Metropolis by B.A. Shapiro
Published by Algonquin Books
Publication date: May 17, 2022
Genres: Fiction, Contemporary, Mystery
A storage warehouse in Cambridge, Massachusetts hardly seems the place to play out a multi-layered suspense novel, but when Metropolis opens a body is found at the bottom of the building’s elevator shaft. As the police circle, the owners of four storage spaces disperse in an effort to keep their secrets safe. Complete strangers, they find their lives suddenly overlap in unexpected ways.
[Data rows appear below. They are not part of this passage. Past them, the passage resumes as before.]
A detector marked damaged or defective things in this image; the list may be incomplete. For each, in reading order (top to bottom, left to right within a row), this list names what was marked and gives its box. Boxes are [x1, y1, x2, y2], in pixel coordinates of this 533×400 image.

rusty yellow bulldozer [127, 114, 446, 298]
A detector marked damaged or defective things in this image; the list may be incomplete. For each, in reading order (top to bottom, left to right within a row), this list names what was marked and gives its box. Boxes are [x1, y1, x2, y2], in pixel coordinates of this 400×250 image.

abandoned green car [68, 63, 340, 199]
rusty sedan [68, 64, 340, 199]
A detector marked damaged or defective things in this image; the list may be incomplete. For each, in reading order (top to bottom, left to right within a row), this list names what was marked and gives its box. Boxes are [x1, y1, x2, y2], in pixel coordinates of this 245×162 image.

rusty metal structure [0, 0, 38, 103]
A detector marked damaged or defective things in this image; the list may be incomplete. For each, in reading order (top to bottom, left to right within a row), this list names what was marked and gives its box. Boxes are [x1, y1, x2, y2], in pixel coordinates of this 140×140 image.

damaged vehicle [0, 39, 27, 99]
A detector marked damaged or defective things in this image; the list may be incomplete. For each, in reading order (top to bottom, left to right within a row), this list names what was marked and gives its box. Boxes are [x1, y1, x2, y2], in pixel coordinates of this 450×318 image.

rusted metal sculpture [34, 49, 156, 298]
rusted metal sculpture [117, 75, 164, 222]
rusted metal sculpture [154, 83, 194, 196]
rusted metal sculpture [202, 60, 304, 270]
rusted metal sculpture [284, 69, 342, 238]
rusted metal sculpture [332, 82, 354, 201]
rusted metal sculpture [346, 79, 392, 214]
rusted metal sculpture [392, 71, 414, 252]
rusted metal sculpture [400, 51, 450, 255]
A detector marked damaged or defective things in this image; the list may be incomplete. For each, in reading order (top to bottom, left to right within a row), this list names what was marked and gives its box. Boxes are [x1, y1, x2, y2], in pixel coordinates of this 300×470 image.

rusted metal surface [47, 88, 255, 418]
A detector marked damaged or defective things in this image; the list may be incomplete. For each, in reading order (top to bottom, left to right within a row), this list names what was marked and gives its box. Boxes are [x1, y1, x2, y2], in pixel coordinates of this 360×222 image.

The four are not alone in having secrets. The building’s owner, Seth, and the manager, Rose, both have their own reasons for not wanting too much investigation into the building. For one thing, Seth has no idea that Marta, Serge, and later Liddy all live in their units and Jason uses his as his law office.
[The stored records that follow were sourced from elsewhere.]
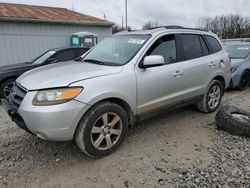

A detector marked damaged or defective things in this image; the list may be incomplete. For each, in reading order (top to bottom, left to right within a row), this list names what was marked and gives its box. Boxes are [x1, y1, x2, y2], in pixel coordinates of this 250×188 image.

damaged vehicle [0, 26, 230, 158]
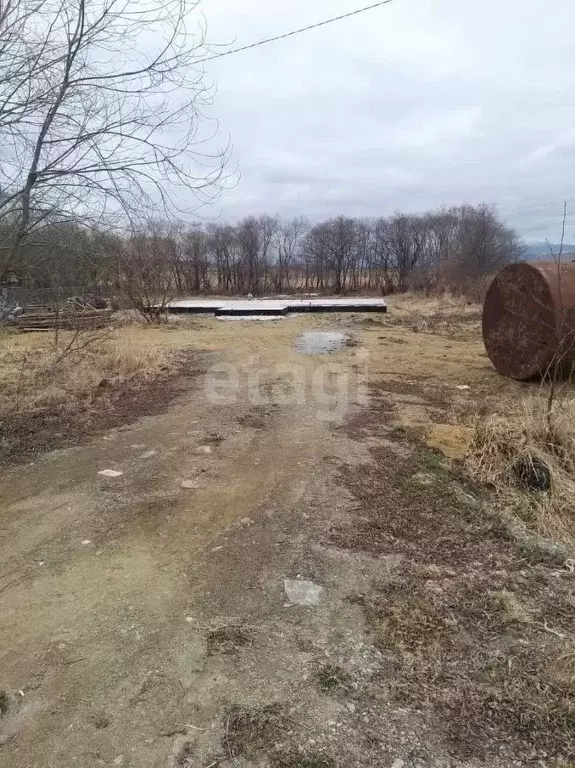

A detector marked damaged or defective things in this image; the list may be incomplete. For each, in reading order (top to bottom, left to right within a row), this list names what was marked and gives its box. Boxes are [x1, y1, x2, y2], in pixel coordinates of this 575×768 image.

rusty metal cylinder [482, 264, 575, 380]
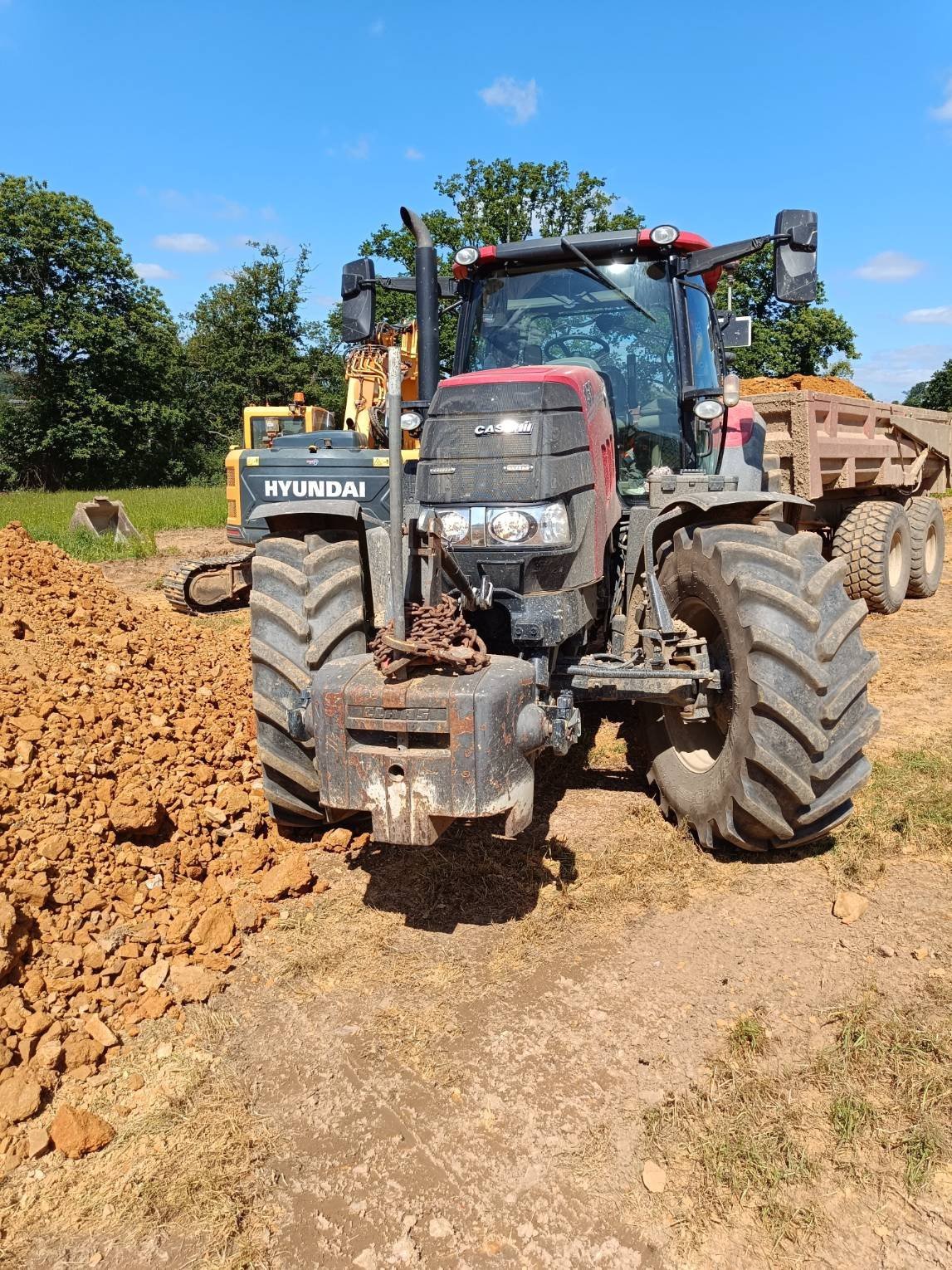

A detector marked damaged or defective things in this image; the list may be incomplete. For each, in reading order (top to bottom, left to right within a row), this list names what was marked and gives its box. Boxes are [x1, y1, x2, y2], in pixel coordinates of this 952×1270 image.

rusty chain [370, 591, 487, 675]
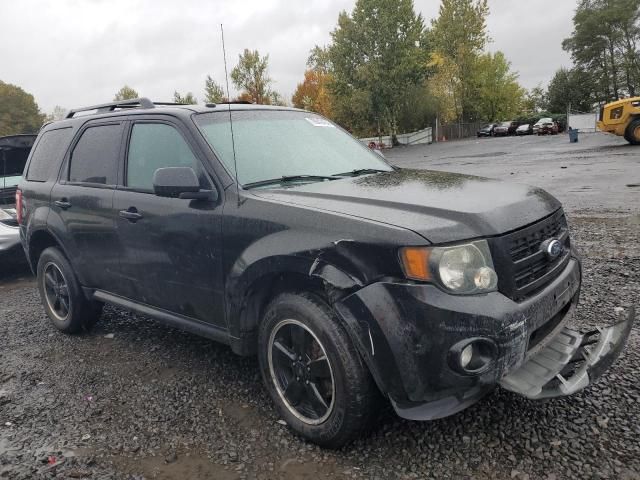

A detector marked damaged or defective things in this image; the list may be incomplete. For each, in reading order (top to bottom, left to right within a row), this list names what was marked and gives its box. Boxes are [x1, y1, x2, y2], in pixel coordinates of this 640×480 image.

damaged front bumper [500, 310, 636, 400]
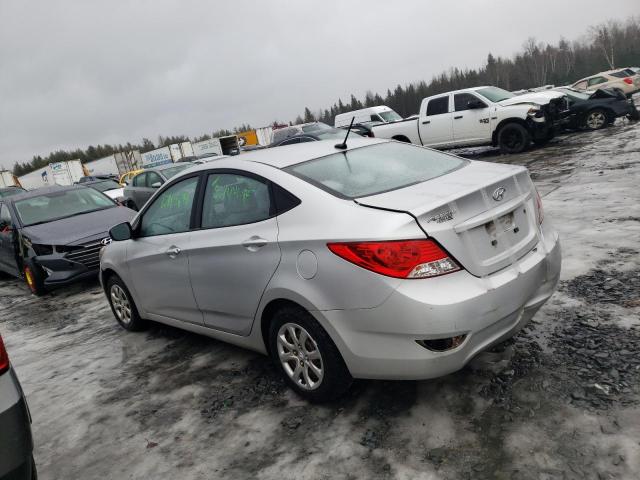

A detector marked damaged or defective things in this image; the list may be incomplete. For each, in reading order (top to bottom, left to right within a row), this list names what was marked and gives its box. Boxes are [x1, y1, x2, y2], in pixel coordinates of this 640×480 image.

damaged car [556, 86, 640, 130]
damaged car [0, 186, 135, 294]
damaged car [100, 138, 560, 402]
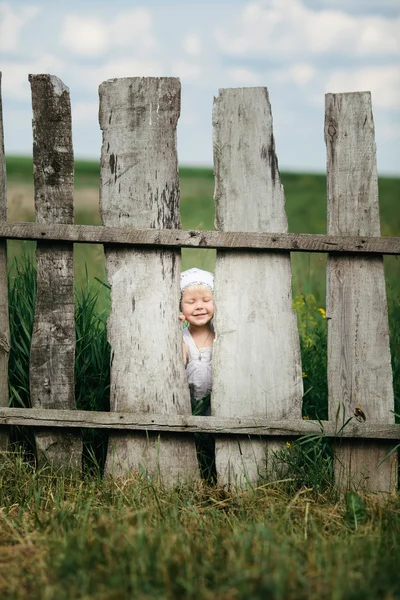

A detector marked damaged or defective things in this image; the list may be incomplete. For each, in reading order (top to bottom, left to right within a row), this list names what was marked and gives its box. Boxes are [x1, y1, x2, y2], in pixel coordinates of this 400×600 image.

This could seem far-fetched if you’re visualizing the sprawling garage-like storage companies found in every city, but the Metropolis was built in the early 1900s as an innovation for city dwellers to store extra belongings and was designed with the look of apartments (minus windows in the interior units and plumbing). More importantly, Shapiro conjures the novel’s ambiance so adroitly it feels believable.
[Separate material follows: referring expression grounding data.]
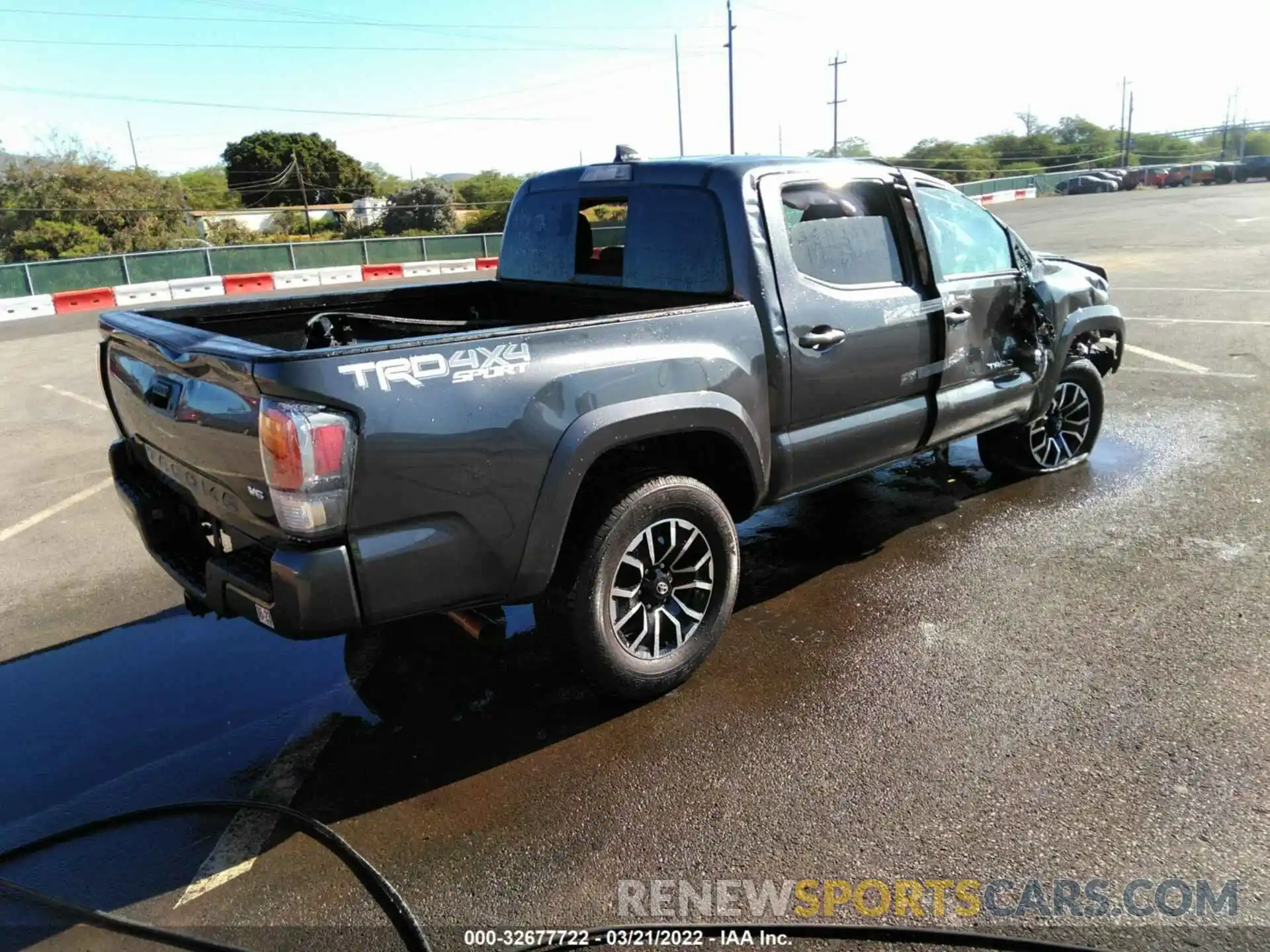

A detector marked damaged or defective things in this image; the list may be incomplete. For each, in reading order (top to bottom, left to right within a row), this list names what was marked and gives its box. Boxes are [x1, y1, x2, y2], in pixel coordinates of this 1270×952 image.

crumpled fender [1027, 307, 1127, 423]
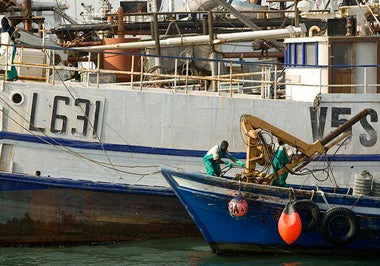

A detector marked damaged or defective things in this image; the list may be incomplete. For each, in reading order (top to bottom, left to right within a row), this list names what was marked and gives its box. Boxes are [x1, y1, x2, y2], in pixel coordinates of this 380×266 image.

rusty metal pipe [320, 108, 370, 145]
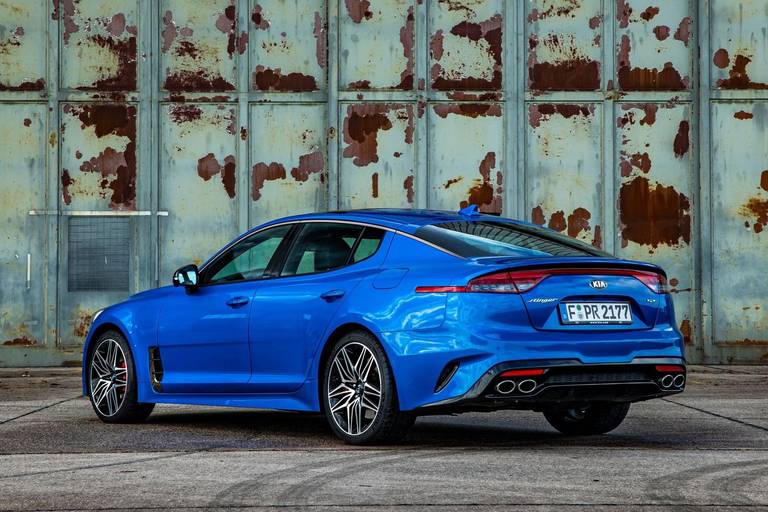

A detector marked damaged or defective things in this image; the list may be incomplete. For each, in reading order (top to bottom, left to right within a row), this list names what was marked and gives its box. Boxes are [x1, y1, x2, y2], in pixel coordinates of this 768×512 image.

rusty metal wall [0, 2, 764, 366]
More importantly, author B.A. Shapiro nurtures the lives of her characters, letting each unfold onto the page in its own time. At first, we know only that Marta is working her dissertation, a small space with no windows makes a perfect darkroom for developing Serge’s photos, and Liddy misses her children who are off at boarding school. But, like matryoshka dolls, their situations and motivations are all nested and only come to light as Metropolis progresses. Their back stories are compelling in the way they feed into their present circumstances and disturbing for how real and possible they seem in today’s social and political environment. A page-turning mystery with something extra.
Like mysteries with something more? Shapiro also wrote The Art Forger, which I thoroughly enjoyed.